ORFget generates a fasta file containing all the corresponding amino acid sequences. The output fasta file is written in the /database/ directory of the container.

Note

It can also handle gff files that were not generated by ORFtrack but in this case the user must be sure of the feature names to be indicated if using the -feature_include/exclude options. In this case, the features must correspond to those indicated in the 3rd column of the input gff file.

Extraction of the sequences of all noncoding ORFs identified with ORFtrack#

The following commands, each enable the user to write the amino acid sequences of all noncoding ORFs no matter their status (i.e. intergenic or overlapping) (see here for a description of all ORF categories).

orfget -fna /database/genome.fasta -gff /database/mapping_orf_genome.gff -features_include nc

or

orfget -fna /database/genome.fasta -gff /database/mapping_orf_genome.gff -features_include nc_intergenic nc_ovp

or

orfget -fna /database/genome.fasta -gff /database/mapping_orf_genome.gff -features_exclude c_CDS

The output fasta file is written in the /database/ directory of the container and renamed based on the gff file rootname and the include features.

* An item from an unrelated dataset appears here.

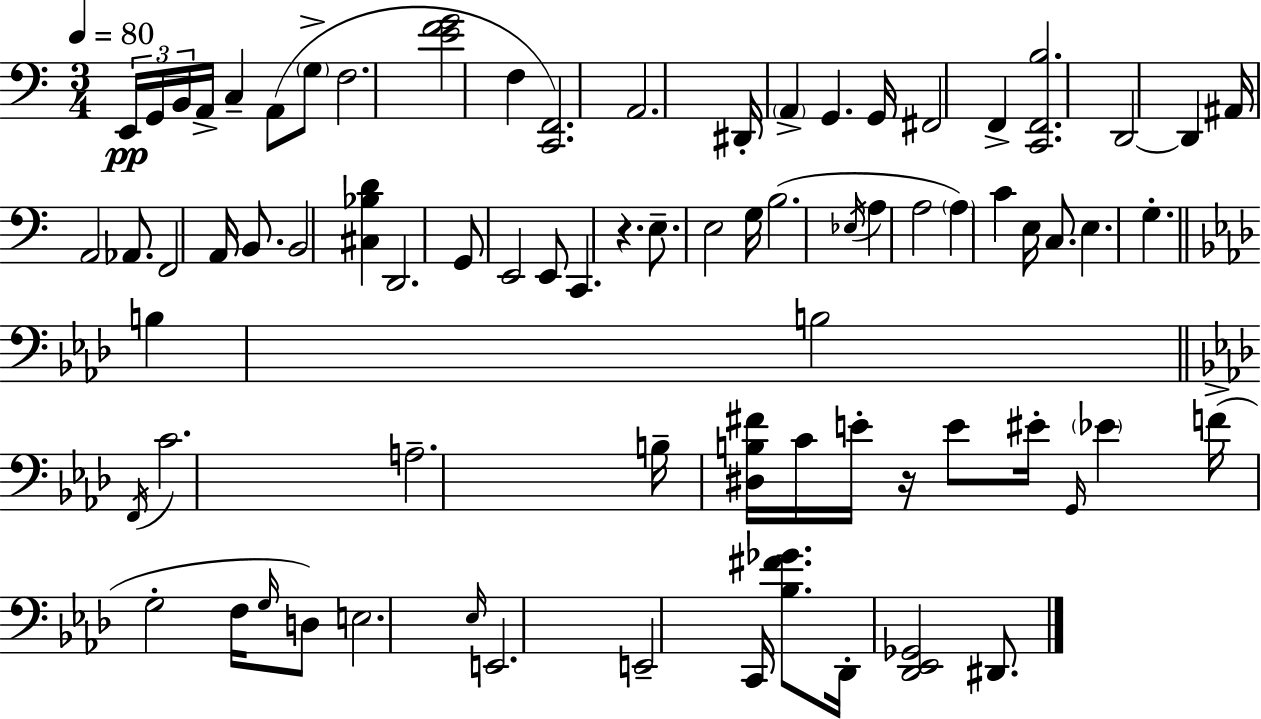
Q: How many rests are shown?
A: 2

Extraction of the sequences of a specific subset of ORFs according to their annotation#

The following instruction writes the amino acid sequences of the ORFs which overlap CDSs on the same, or on the opposite strand.

orfget -fna /database/genome.fasta -gff /database/mapping_orf_genome.gff -features_include nc_ovp_same-CDS nc_ovp_opp-CDS

Notice that using the argument "features_exclude" assumes that the selection operates on all genomic features except those that are excluded. Consequently, if the user wants to select all noncoding sequences except those overlapping CDSs, mRNAs, tRNAs, and rRNAs, he/she must exclude the coding ORFs (c_CDS) as well. Otherwise, they will be kept.

orfget -fna genome.fasta -gff mapping_orf_genome.gff -features_exclude c_CDS nc_same_ovp-tRNA nc_same_ovp-rRNA nc_opp_ovp-mRNA nc_opp_ovp-tRNA nc_opp_ovp-rRNA nc_opp_ovp-mRNA  

The output fasta file is written in the /database/ directory of the container and renamed based on the gff file rootname and the include features.

Extraction of the sequences of a random subset of ORFs#

Sometimes, for computational time or storage reasons, the user does not want to deal with all the ORFs of a specific category. ORFget can provide the user with a subset of N (to be defined by the user) randomly selected ORFs from a specific ORF category. The last instruction writes the sequences of 10000 randomly selected noncoding intergenic ORFs.

orfget -fna /database/genome.fasta -gff /database/mapping_orf_genome.gff -features_include nc_intergenic -n 10000

Reconstruction of protein sequences#

In addition, ORFget enables the reconstruction of all protein sequences of a genome (including all isoforms) according to their definition in the original gff file. The following instruction writes all the resulting sequences in a fasta file. Please note that in this case, the input gff file is the initial one, not the one generated by ORFtrack which is ORF-centered and that contains C_CDS ORFs instead of the exact CDSs (i.e. ATG-STOP including isoforms) as indicated in the original gff file.

orfget -fna /database/genome.fasta -gff /database/genome.gff -features_include CDS

Writing amino acid or nucleotide sequences#

By default, ORFget will generate the amino acid sequences of the desired ORFs in a fasta file with the extension .pfasta. If the user wishes to generate the nucleotide or even both nucleotide and amino acids sequences, he/she must use the option -type nucl and -type both, respectively.